Prof. Rolf-Rüdiger Radeisen
Leitsatz
In vermögensverwaltenden Gesellschaften gehaltener ausländischer Immobilienbesitz ist für Zwecke der Erbschaftsteuer mit dem gemeinen Wert der Objekte sachgerecht zu schätzen.
Sachverhalt
Die Klägerin erbte diversen ausländischen Immobilienbesitz, der in verschiedenen vermögensverwaltenden Gesellschaften im Ausland gehalten wurde. Im Laufe des Verfahrens kam es mehrfach zu Änderungen in der Bewertung, da unterschiedliche Gutachten erstellt wurden und ein Kaufangebot als Nachweis für den gemeinen Wert vorgelegt wurde. Nachdem sich die Parteien auf einen Wert in 2005 geeinigt hatten, wurde der Bescheid später aufgrund eines vorgelegten Kaufangebots geändert, nachfolgend aber erneut (werterhöhend) geändert, da das Finanzamt das Kaufangebot als Scheinangebot einstufte. Anstelle des bisherigen Werts wurde ein von einem der Oberfinanzdirektion angehörigen Gutachter erstelltes Wertgutachten berücksichtigt.
Die Klage richtet sich gegen die Wertfeststellung für die ausländischen Immobilien.
Entscheidung
Die Klage wurde vom Finanzgericht als unbegründet abgewiesen.
Ausländische Immobilien, die in vermögensverwaltenden Gesellschaften gehalten werden, sind mit dem gemeinen Wert nach § 9 BewG zu bewerten. Das die Grundstücke nach dem Vortrag der Klägerin aufgrund der Weisung eines Miterben nur insgesamt "en bloc" verkauft werden sollten, sind persönliche Umstände, die nicht bei der Bewertung zu berücksichtigen sind.
Nachdem die Grundstücke bis zur Verhandlung beim Finanzgericht veräußert worden waren, bewertete das Gericht die Grundstücke ausgehend von den Verkaufserlösen, die auf den Bewertungsstichtag mit den für die jeweiligen Objekte und Lagen vom Gericht beigezogenen Preisindizes angepasst wurden.

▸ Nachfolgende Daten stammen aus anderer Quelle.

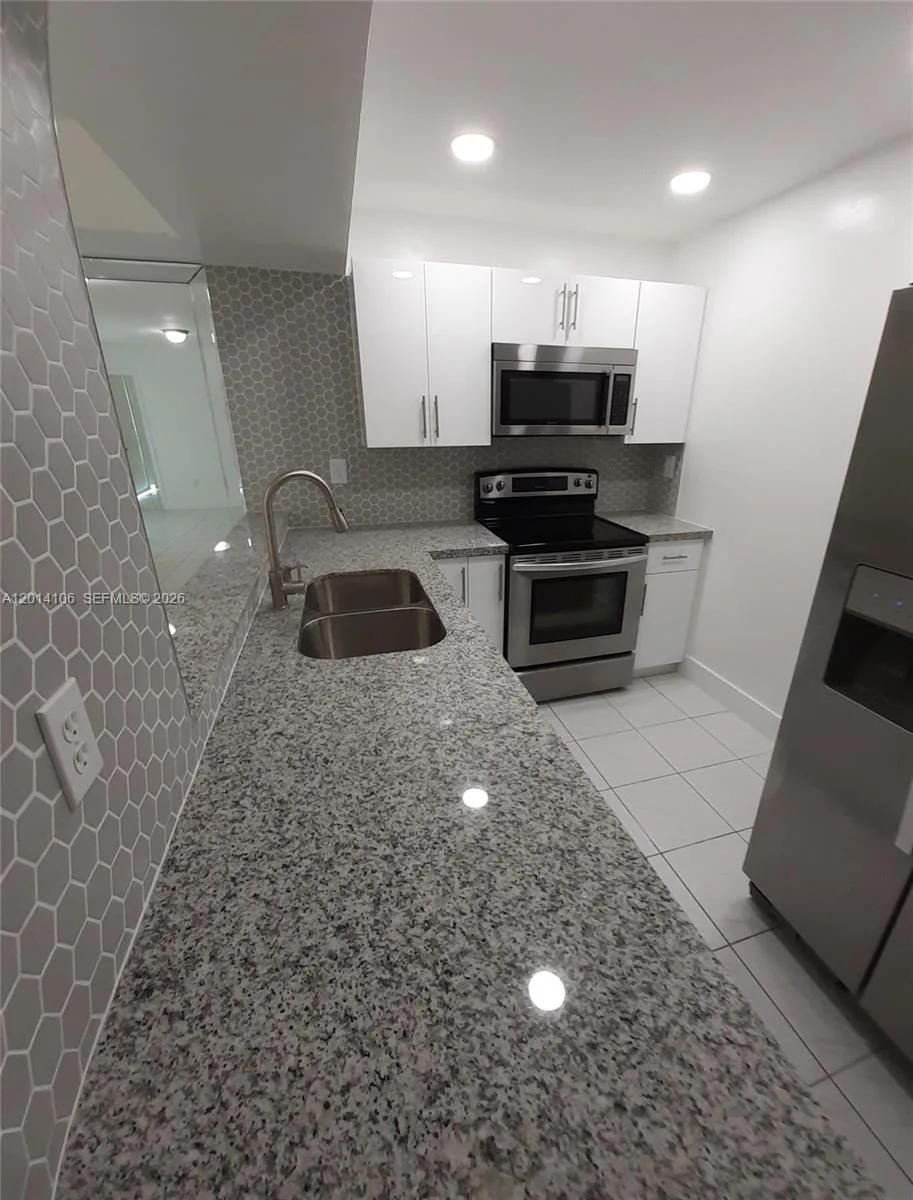 11800 SW 18th St # 314-4, Miami, FL 33175 photo 3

Das Gericht stellt klar, dass auch diese Schätzungsmethode Unsicherheiten beinhaltet. Gleichzeitig ist es aber davon überzeugt, dass die tatsächlich im gewöhnlichen Geschäftsverkehr erzielten Verkaufpreise für die im Streitfall notwendige Schätzung den zweckmäßigsten Ausgangspunkt bilden.

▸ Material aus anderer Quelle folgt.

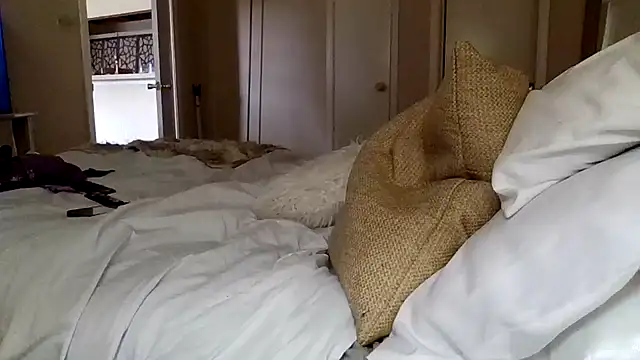 CaylenGee online show from February 21, 6:08 pm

Eine sachgerechte Schätzung des gemeinen Werts kann nicht durch Anwendung des Ertragswertverfahrens erfolgen. Zum einen liegen für ausländische Grundstücke regelmäßig nicht die notwendigen Daten vor. Darüber hinaus bildet das Ertragswertverfahren die nachhaltige Renditeerzielung aus einem Vermietungsobjekt ab und kann daher bei Investitionen mit einem erheblichen "spekulativen Aspekt" nicht zur Anwendung kommen. Im Streitfall ist das Gericht zu der Überzeugung gelangt, dass, auch wenn - entsprechend dem Vortrag der Klägerin - die Objekte ursprünglich ggf. zur Erzielung von Mieteinnahmen erworben wurden, eine renditeorientierte Bewertung von Objekten, die Wertsteigerungen von über 200 % innerhalb weniger Jahre erzielen können, nicht angezeigt ist.
Hinweis
Die Bewertung ausländischen Sachvermögens erfolgt regelmäßig mit dem gemeinen Wert nach § 9 BewG. Nationale Sonderregelungen für die Bewertung werden regelmäßig nicht anwendbar sein, da die notwendigen Ausgangsdaten nicht zur Verfügung stehen.

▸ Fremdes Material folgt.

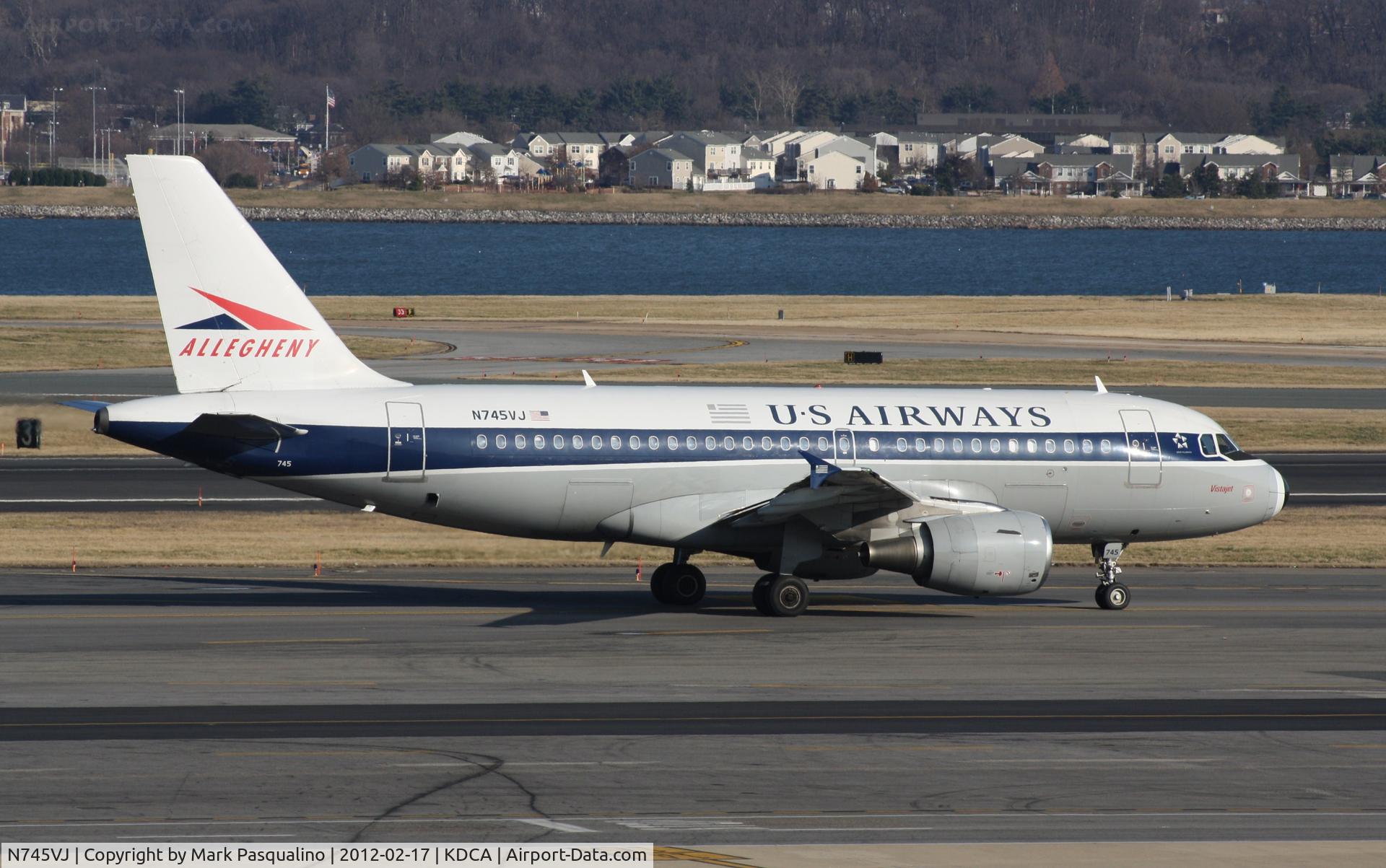N745VJ, 2000 Airbus A319-112 C/N 1289, Airbus A319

Um den gemeinen Wert nachzuweisen, sollten im Zweifelsfall zeitnah zum Bewertungsstichtag versucht werden, Verkehrswerte zu ermitteln (Kaufpreissammlung, Gutachten etc.). Da solche Nachweise von der Klägerin ca. 10 Jahre nach dem Erwerb nicht mehr beigebracht werden konnten, musste das Gericht den gemeinen Wert anhand rückgerechneter Verkaufspreise bewerten.
Gegen das Urteil des FG ist Nichtzulasungsbeschwerde beim BFH eingereicht worden.